B. Anyway, to your point that you created a quote for me on: Yes, grassroots groups will influence the qualifying process for candidates. But remember, the qualifying contributions must come from within the district. That’s the thing here. Instead of candidates networking an old network of moneyed interests from chemical companies and mainland real estate interests, for example, instead, the candidates remain in their own districts, meet people in their own districts, fundraise their qulifying constriubtions from constituents and yes, networks, in their own distrcits. And ultimately, instead of spending 60% of their taxpayer-funded time on fundraising from private intests, they instead spend that time focusing on solving problems that lie within their own districts.
I’m halfway expecting that after I submit this, there will be 2 or 3 more random points that are going to come out of left field, and consequently, I cannot justify spending too much more time running around in the outfield of this blog trying to catch these baseballs and throw them back at you.
7 charles // Feb 26, 2008 at 10:29 pm
Here’s a few more baseballs regarding public financing:
1. No doubt a lot of cash can be a corrupting influence but so can a lot of anything. For example, a fundamentalist church backs a candidate, gives no cash but provides an army of volunteers “free of charge.” Some would say that’s just an exercise in democracy. Others would say there’s a quid pro quo whether it’s money or bodies.

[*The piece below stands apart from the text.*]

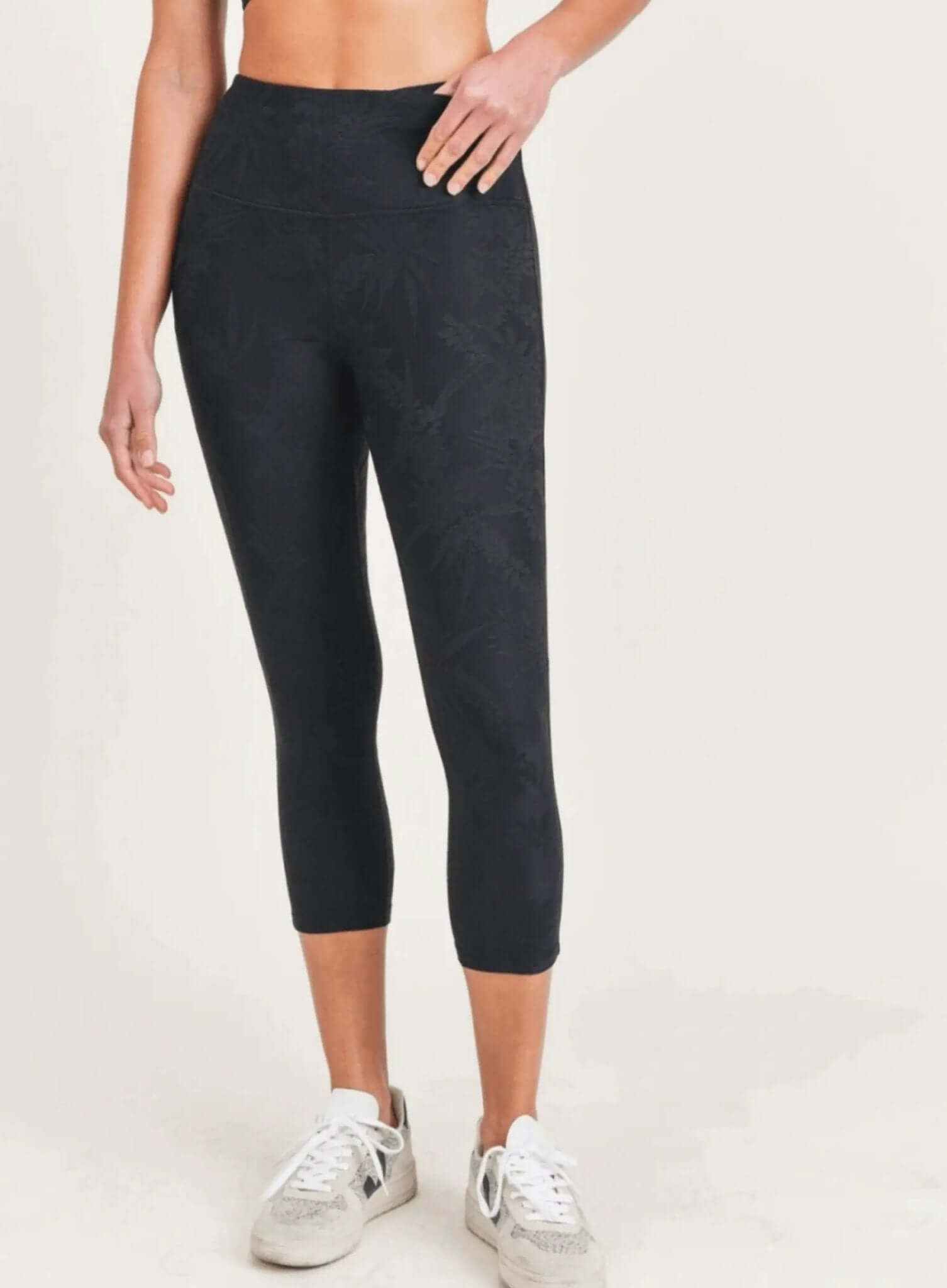 Floral Jacquard TACTEL® High Waist Capri Leggings - Rocca & Co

2. When you ask some legislators in states that have public financing if it has lessened the influence of special interests, the answer is a qualified no. In other words, lobbyists who are paid to hang out at the capitol all day will have more access, influence, etc., than Joe Citizen who shows up to testify on a bill and goes home.
Indeed, some special interests claim that public financing is a good thing because it saves them money while still giving them influence.
What is has done is change the face of campaigning more than it changed the face of lobbying, in my opinion.
3. As far as collecting $5 or $10 donations from the community, there’s nothing to stop a labor union or political party or organization to mail their membership to send in the required donation to a candidate.
The notion that the candidate will slog door-to-door winning the hearts and minds of voters to the point that a hundred (or whatever the number ends up being) citizens will fork over a check could happen but I’m not holding my breath.
4. The hard right does have a point when they say they don’t want public dollars to support candidates that have views contrary to theirs. It’s a point; not a deal breaker.
5. There’s no doubt if the entire system were publicly financed, it would be a pretty penny. Not a reason not to do it, but to say that those who are concerned about the ultimate cost are just sellouts, afraid, etc., is a bit overwrought.
6. Lastly, review public opinion polls of legislatures or governors that have adopted public financing. My hunch is that the public’s view of politicians hasn’t diametrically changed because the influence of money is lessened.
Oh, let me make a final point. If you review the contributions of candidates at the county or legislative level, you don’t find “moneyed interests from chemical companies and mainland real estate interests” as much as you’ll find the typical ones from local banks, local unions, well-to-do donors, local corporations, family and friends, etc.
And very, very few candidates ever receive the maximum allowable by law. No doubt some are influenced in their votes with a $100 donation but it’s doubtful it’s the tipping point for most.